Keenam, untuk sistim uang dan perbankan di Maluku relatif stabil. Pasalnya sistem uang dan perbankan di daerah ini mengikuti pemerintah pusat. Sehingga jika terdapat kestabilan pada sistim uang dan perbankan di Jakarta, akan berimplikasi positif pada Provinsi Maluku. Namun jika sebaliknya kondisi sistim uang dan perbankan nasional tidak stabil akibat gejolak politik, maka akan berdampak pula pada provinsi Maluku.
Ketujuh, kesempatan ekonomi dan lingkungan bisnis yang kondusif di Maluku tetap terbuka. Malah pasca konflik pemerintah daerah gencar melakukan promosi tentang prospek menjalankan bisnis di Maluku. Tapi sayangnya lingkungan bisnis di Maluku secara umum belum begitu kondusif. Hal ini disebabkan masih enggannya investor demestik dan mancanegara milirik Maluku, dikarenakan kekuatiran mereka akan kondisi Maluku pasca konflik yang masih rentan konflik komunal. 
Kedelapan, tersedianya ruang publik (publik shere), yang mencakup hak untuk berpartisipasi dan berkompetisi di Maluku tetap terbuka lebar, kendati demikian secara jujur diakui bahwa hak untuk berpartisipasi dan berkompetsi di Maluku masih saja di warnai semangat primordialisme yang menjadi faktor penghambat. 
Tapi pada satu sisi rakyat Maluku sangat respek dan menyokong institusi politik nasional dan regional.
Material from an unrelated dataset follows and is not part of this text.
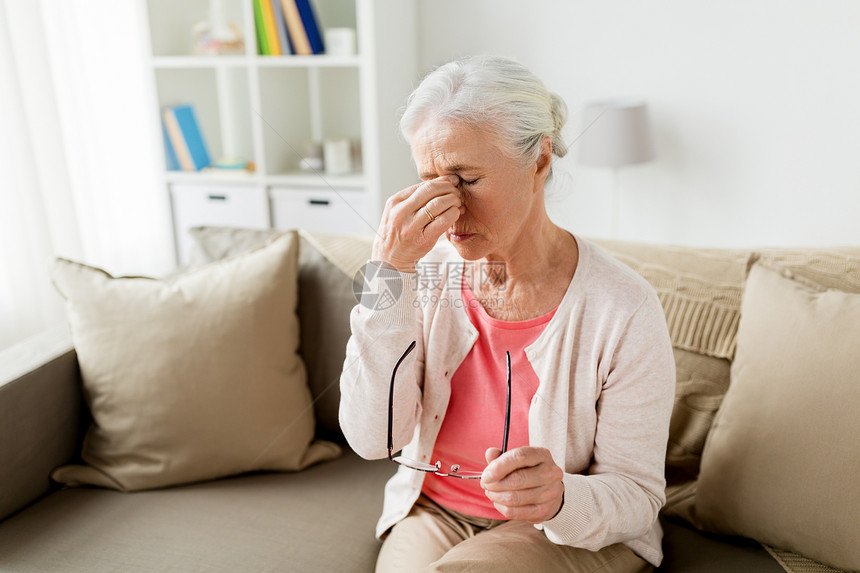 老,健康问题,视力人的老妇女戴着眼镜坐沙发上,家头痛戴眼镜的老妇女家头痛图片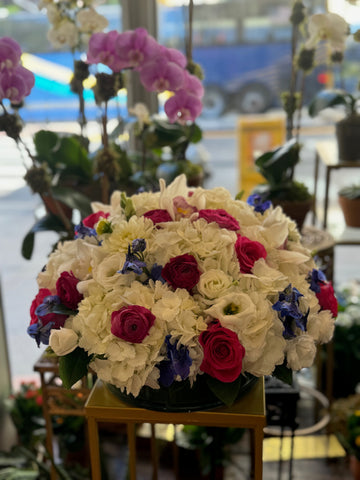 White Fire small size, low round bowl of white hydrangea with hot pink roses, crimson ranunculus and blue delphinium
Misalnya partisipasi rakyat menjadi anggota partai begitu besar, yang ditandai dengan peningkatan partisipasi mereka untuk menjadi calon anggota DPR dan DPRD, dalam tiap kali Pemilu yang digelar di republik ini.
Akan tetapi terdapat catatan kritis menyangkut toleran terhadap perbedaan. Pasalnya rakyat Maluku dalam interaksi sebagain besar masih saja tersegregasi atas perbedaan suku, agama dan ras. Meski pada tataran riil tidak nampak, namun hal ini menjadi laten yang suatu saat masih menjadi ancaman untuk terciptanya konflik komunal lagi. Bahkan untuk hak-hak dasar sipil dan asasi belum bisa dipenuhi oleh pemerintah daerah. Misalnya hak rakyat untuk mendapatkan tempat tinggal yang layak belum juga direalisasikan pemerintah pasca konflik. 
Kesembilan, pengawasan dan pengaturan lingkungan, meskipun sudah ada regulasi yang dikeluarkan pemerintah pusat dan pemerintah daerah menyangkut pengawasan dan pengaturan lingkungan. Tapi fakta membuktikan di Provinsi Maluku justru terjadi kerusakan lingkungan yang kronis. Di laut Banda dan Aru para nelayan domestik maupun mancanegara yang melakukan penangkapan ikan sudah sampai pada tahap over fhising. Cara-cara seperti ini sudah dalam tahap yang sangat menguatirkan.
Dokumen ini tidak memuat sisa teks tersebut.